業務用のヘッドホンでしたが、性能の優秀さから一般ユーザーの間でも話題になり、これまでモニターヘッドホンの代名詞として認知されてきました。
30年経った今、ソニー開発陣の話によると、
現在の最新技術をもって全く新規に設計すれば、今求められている様々な要素に幅広く応えられる、新たなモニターヘッドホンを生み出すことも可能なのではないか、というのが
MDR-M1STの制作を始めたきっかけだそうです。
MDR-CD900STは発売から30年の間に、録音制作の現場やスタジオ機材などさまざまな変化がありました。
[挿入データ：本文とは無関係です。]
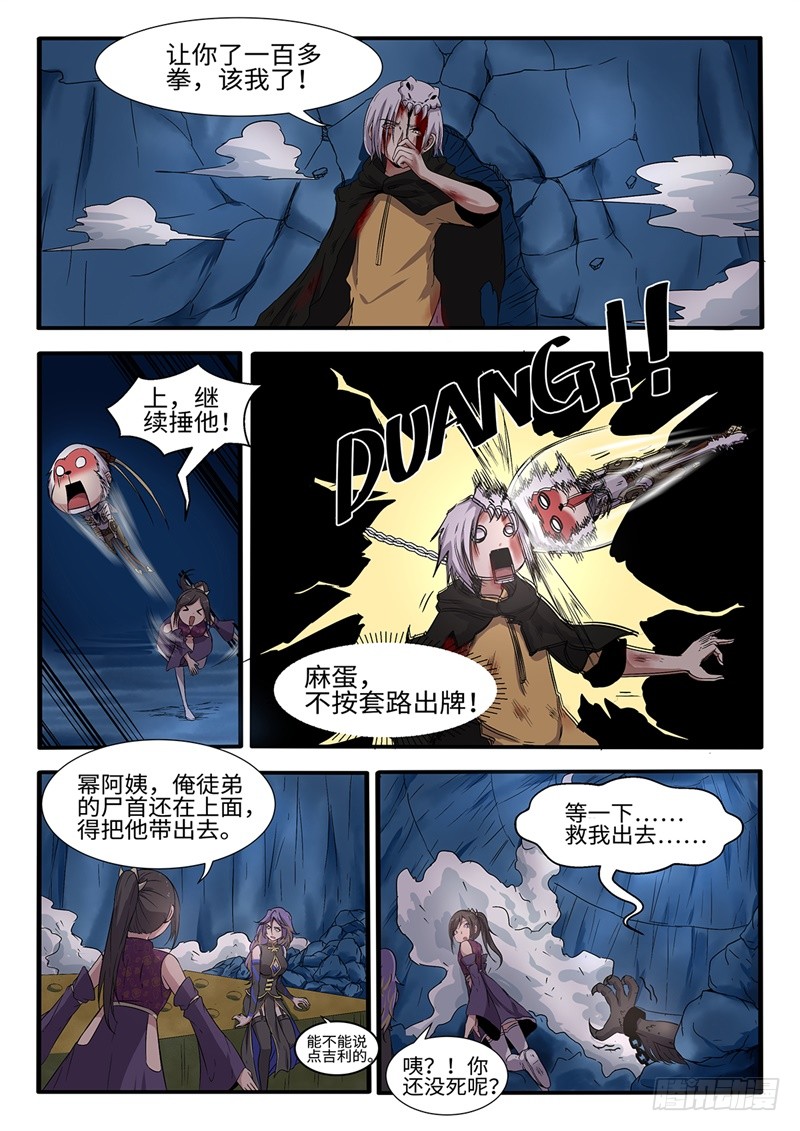 第204话 浊气藤-第178话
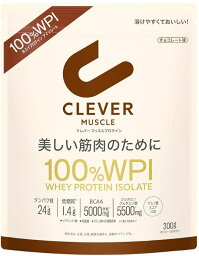 ☆【送料無料】クレバー マッスル WPI ホエイプロテイン チョコレート300g | プロテイン ホエイ アイソレート 美容 BCAA アミノ酸 高タンパク質 筋トレ おいしい 美味しい ボディメイク 美容サポート 大容量≪今だけトライアル1包おまけ付き≫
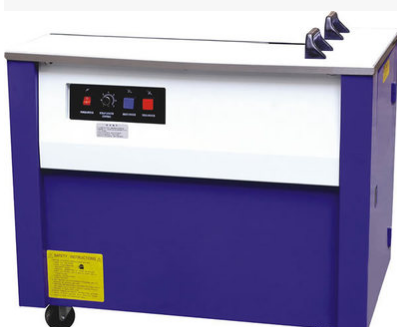 供應(yīng)打包機 高臺打包機 棧板打包機 電動打包機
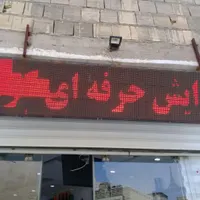 تابلو ال ای دی۲۴LEDبلوک|تلویزیون و پروژکتور|خمینی‌شهر, |دیوار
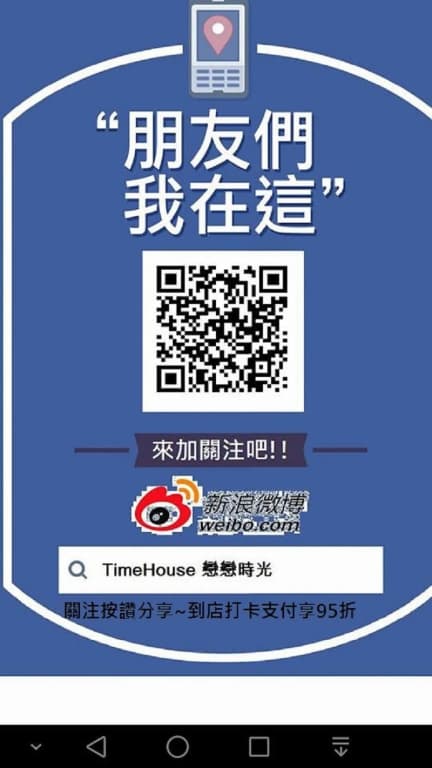Timehouse Hong Kong Hostel Group - photo 23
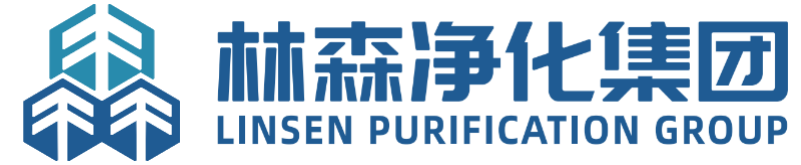 苏州林森净化集团有限公司2022年1月加入苏州市洁净产业协会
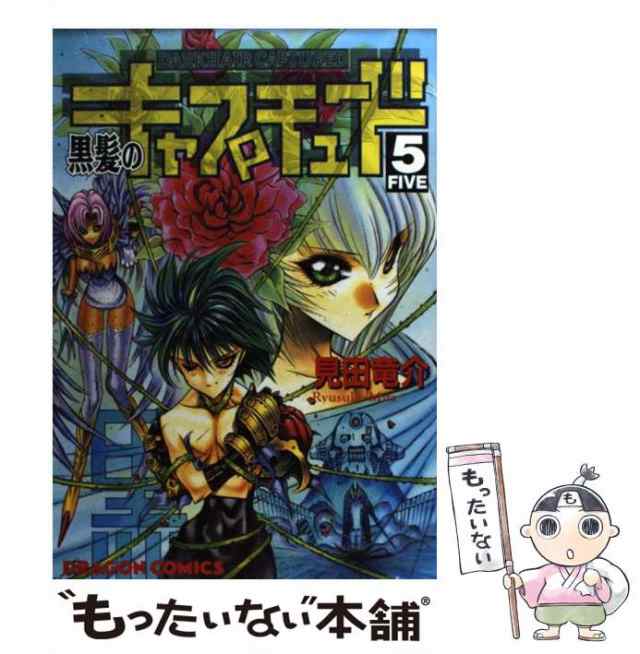 中古】 黒髪のキャプチュード 5 （ドラゴンコミックス） / 見田 竜介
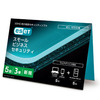 CANON ESET スモール ビジネス セキュリティ 5台3年 (CMJ-SB19-106)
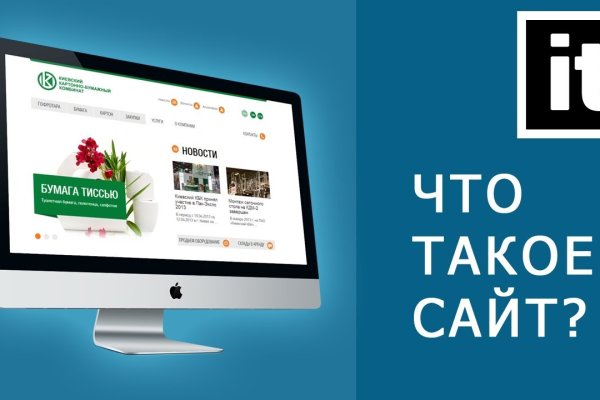 Kraken ссылка зеркало рабочее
加えて、近年はハイレゾも一般的に普及しつつあり、コンシューマー向けのヘッドホンもすごく進化しています。もし現在の技術を使って新たにスタジオ用モニターヘッドホンを作ったら、もっと良いものができるのではないかと思いはじめました。
後継機ではなく、完全な別モデル
MDR-M1STは見た目も似ているので、MDR-CD900STの後継機と見られることも多いです。
しかし、開発陣によると、そうではなく実際は完全な別モデルとして制作されたようですね。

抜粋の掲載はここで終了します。